**Work request**
Write the data out again exactly, with every picture removed.

**Recorded data**
————

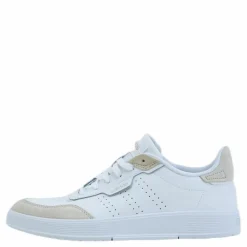 adidas Courtphase Shoes Cloud White / Cloud White / Aluminium Vit Online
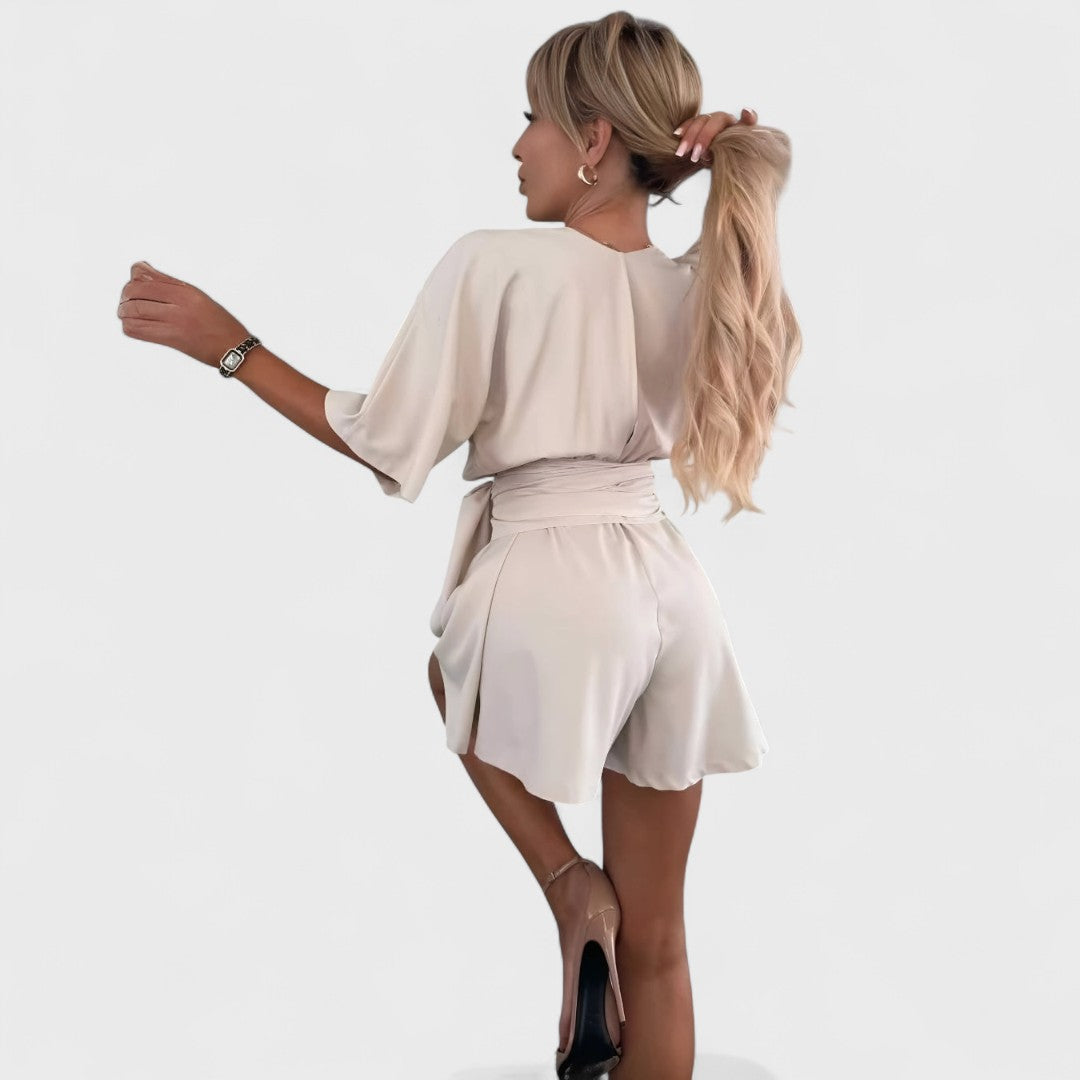 Frída - Městský Chic Overall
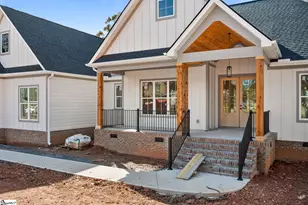 410 Holly Ridge Dr, Anderson, SC 29621 - Photo 4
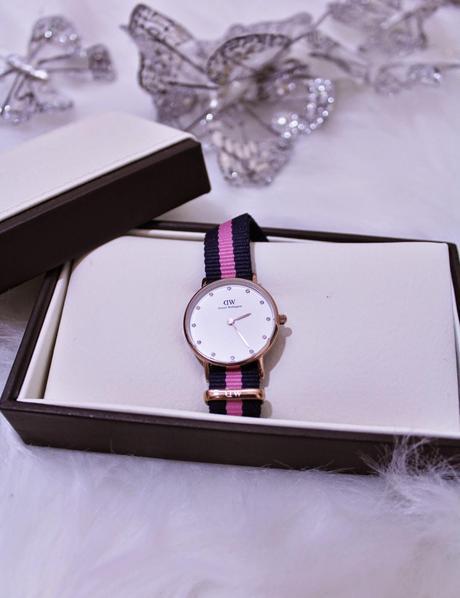 A Watch For All Occasions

————

**Result of this exercise**
 adidas Courtphase Shoes Cloud White / Cloud White / Aluminium Vit Online
 Frída - Městský Chic Overall
 410 Holly Ridge Dr, Anderson, SC 29621 - Photo 4
 A Watch For All Occasions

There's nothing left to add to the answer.